Jefferson, Jenkinson explains, "envisioned a rational world, a world in which citizens want to be learned, thoughtful, healthy, committed to the public good, well-informed, civil, highly cultured and surrounded by aesthetically pleasing things."

Horchuck asked Jenkinson if he was saying we do not live in such a world, and if not, what happened ?

Candidly, Jenkinson replied, "Some do, most don't. When I look around at the United States today, I do not see Jefferson's America. I used to call it Hamilton's America, but in the last couple of years I have come to think that might be unfair even to Hamilton. I cannot imagine any of the Founding Fathers, or any enlightened being, for that matter, assessing the America of 2004 as a republic -- with all that the word republic implies.

"We decided the pursuit of happiness is the pursuit of stuff. We decided we like television more than culture. We decided we like comfort more than liberty. We decided to eat like longshoremen but to live in BarcaLoungers. We decided we wanted to maintain our level of consumer comfort even if that meant becoming a militaristic bully. We decided that it is easier to build gated communities than to strive for economic justice and equal opportunity."

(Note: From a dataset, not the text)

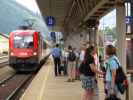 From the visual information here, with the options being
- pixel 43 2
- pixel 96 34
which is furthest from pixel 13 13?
pixel 96 34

Jenkinson added, "We decided that education is about skill-building and job-preparation rather than the life of the mind. And if Tom Wolfe is right, we decided that college is a place to play with drugs, sex, music and alcohol rather than even build those skills. We decided that good manners, self-restraint, respect for elders and civility are boring. We decided that sex is an economic lubricant rather than a sacrament. We decided that health care belongs to those who can afford it. We decided that it is not impossible to maintain a permanent underclass as long as we keep the beer, meth, professional wrestling and tractor pulls flowing through the culture."

Clearly in his interview with reporter Horchuck, the 51-year old Jenkinson, born in Minot, N.D, exhibits his populist roots in answer to the following questions:

Q: What would Jefferson do if he actually appeared among us today?

"He'd buy an Apple computer and a photocopying machine. He'd buy a computerized combine and a Honda hybrid car. He'd observe a heart transplant. He'd send an email to Lafayette. He'd visit Robert Mondavi in Napa Valley. He'd buy electronic gadgets. On credit, of course."

Q: Do you think he'd be disappointed?

"Of course. He'd tell us to read Gibbons' Decline and Fall of the Roman Empire. He'd be appalled by what we have done to the American experiment, particularly in his native Virginia. But he'd be intensely curious about our technologies, gadgets, comforts and innovations, until he learned about the infrastructure and the social hierarchies necessary to produce them. He'd hate the taste of our fresh fruits, which are rendered insipid by the Hamiltonian food production system."

Q: What are the most Jeffersonian things in America?

"The Smithsonian Institution. National Public Radio. The National Endowment for the Humanities. Your local public library. A family farm in east central North Dakota. Book groups which begin the evening with pot luck dinners. 4-H clubs. Farmers' markets. The Library of Congress."

Q: What are the least Jeffersonian things in America?

"Cyberpornography. Costco and Wal-Mart. The CIA. Commercial television. Professional athletics. Prisons. Monsanto and Cargill and Exxon Oil."

(The complete text of the Horchuck interview can be found at www.clayjenkinson.com.)

Given Jenkinson's learned insights, his curiosity, his intelligence and the attraction he feels toward some of the great explorers and politicians in American history, plus his ability to make these giants come alive again, it is not difficult for us to see that we currently live in an age of social and political pigmies.